HOUSE FINANCIAL SERVICES COMMITTEE MARKUP OF THE CLARITY ACT
On June 11, the House Financial Services Committee advanced the Digital Asset Market Clarity (CLARITY) Act of 2025 out of Committee, with a bipartisan vote of 32—19, following a markup of the Act and various measures on June 10. The amendment in nature of a substitute, ANS to H.R. 3633, offered by Chairman Hill (R-AR) was accepted, with forty-some failed amendments offered by Committee Democrats. The CLARITY Act’s passage in the House Financial Services and Agriculture Committees advances the Act to the House floor for a vote. Chairman Hill’s press release on the Act’s passage is available here, with his opening statement outlining the measures under consideration available here.
OVERVIEW
The following is a summary of the main topics explored in the markup.
- Chairman Hill (R-AR) framed the CLARITY Act as landmark legislation that creates a much-needed regulatory framework for digital assets in the absence of clear and consistent rules and regulations governing its use and development. He outlined how the Act establishes a regulatory framework for digital assets and serves as a critical step towards providing legal certainty, protecting consumers, and ensuring that the U.S. remains a leader in digital innovation. He cautioned that without decisive action, the U.S. risks falling behind.
- Chairman Hill highlighted how the spot market gap between the Securities and Exchange (SEC) and the Commodity Futures Trading Commission (CFTC) jurisdiction created a regulatory void for intermediaries to operate without clear rules or protections. He criticized the Biden administration and former SEC Chair Gensler for pursuing a strategy of regulation by enforcement rather than offering clarity through formal guidance or rulemaking.
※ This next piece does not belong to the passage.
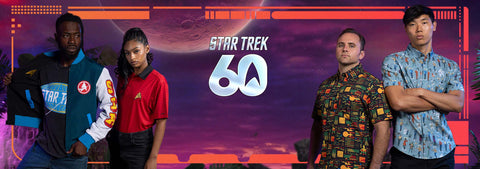 four-people-standing-in-front-of-a-star-trek-60-themed-purple-and-orange-backdrop-wearing-themed-apparel-including-a-star-trek-varsity-jacket-a-red-starfleet-shirt-and-patterned-button-down-shirts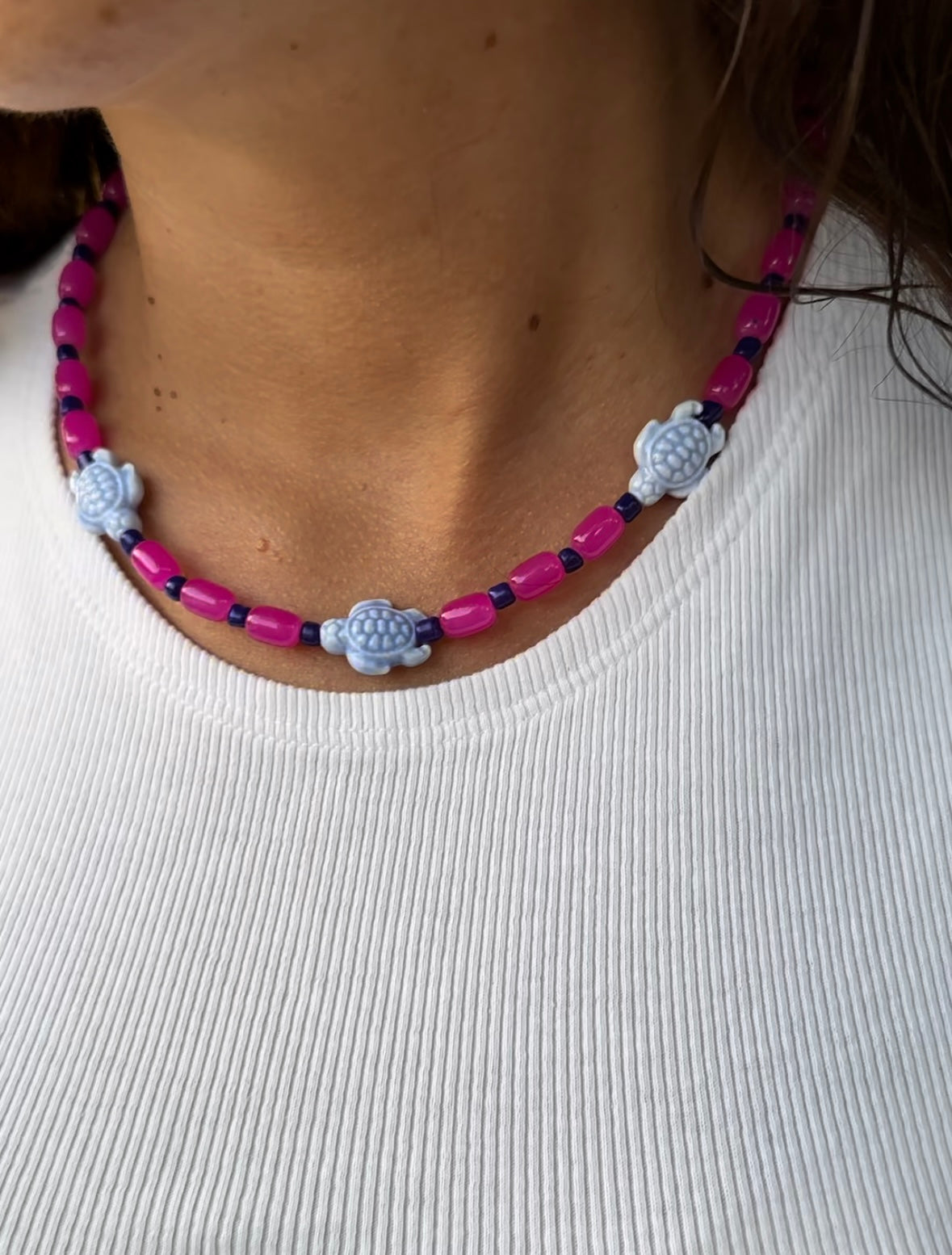 Collar hecho a mano con cuentas de cerámica rosas, cuentas azules y con 3 tortugas de cerámica. Cierre ajustable de acero inoxidable.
He contrasted U.S. regulators’ reactive approach that created compliance uncertainty and offshoring of innovation to how other countries moved swiftly to create clear regulatory structures for digital assets and become global centers for this financial technology.
- Representatives Steil (R-WI) and Huizenga (R-MI) highlighted how the Act will cement the U.S. as the center of innovation in the digital asset space, eliminating legal ambiguity that offshored innovation and stifled U.S. investment by implementing a commonsense framework that supports responsible development.
- Representative Downing (R-MT) reiterated that the U.S. cannot cede leadership in the digital asset space, calling for the Act to appropriately account for the nuance of blockchain technology and ensure its transformative aspects are not lost to one-size-fits-all regulation.
- Committee Republicans discussed how the Act provides long overdue regulatory certainty by clearly defining the roles of the SEC and CFTC, closing the spot market gap, and applying proven market safeguards to the digital asset space, with consumer protection and innovation on equal footing.
- Representative Huizenga referenced support for, and inclusion of, the Blockchain Regulatory Certainty Act as a further means of providing investment and market certainty for developers and innovators, instead of creating arbitrary barriers and unachievable registration guidelines.
- Chairman Hill noted that the Act sets statutory requirements for what constitutes a mature blockchain and grants the SEC discretion to define additional qualifications. He affirmed that the Act fully authorizes necessary funding for the SEC to fulfill its responsibilities and noted that the SEC provided extensive technical assistance in drafting, including analysis of staffing needs.
- Representative Steil explained the SEC would retain the ability to rebut or reject a certification, and would maintain oversight throughout the process. He added that an issuer’s intent to mature would be disclosed in the offering statement, which is subject to SEC enforcement under Section 17 of the Securities Act for any misleading statements. He emphasized that the structure adds rigor, not a loophole, and clarified that the intent to mature relates solely to qualifying for the codified exempt offering, not to be formally certified as mature. He also noted that maturity is accounted for in both eligibility for the exempt offering as well as insider sales restrictions.
- Representative Norman (R-SC) outlined and supported the Act’s inclusion of national security provisions to promote transparency regarding how strategic enemies may be exploiting the digital asset marketplace, raising concerns about potential national security risks associated with such foreign ownership. He pointed to Section 313 and Section 314 directives to Treasury Secretary Bessent, alongside the CFTC and SEC, to study and report to Congress on digital asset registrants owned by governments of foreign adversaries.
- Democrats, led by Ranking Member Waters (D-CA), criticized the Act as a vehicle to further the President’s crypto corruption, citing that it does nothing to address blatant conflicts of interest nor avenues for corruption and bribery. She referenced Section 103’s exclusion for collectibles from the definition of a digital commodity, questioning Chairman Hill on whether it would exclude memecoins from regulation.
- Representative Foster (D-IL) questioned the self-certification process for mature blockchain systems’ allowance of issuers to self-certify with the intention of achieving decentralization, flagging default acceptance of a self-certification as a loophole. He also raised additional resources required for the SEC to adequately review potentially large volumes of self-certifications, requesting due diligence estimates and technical assistance documentation.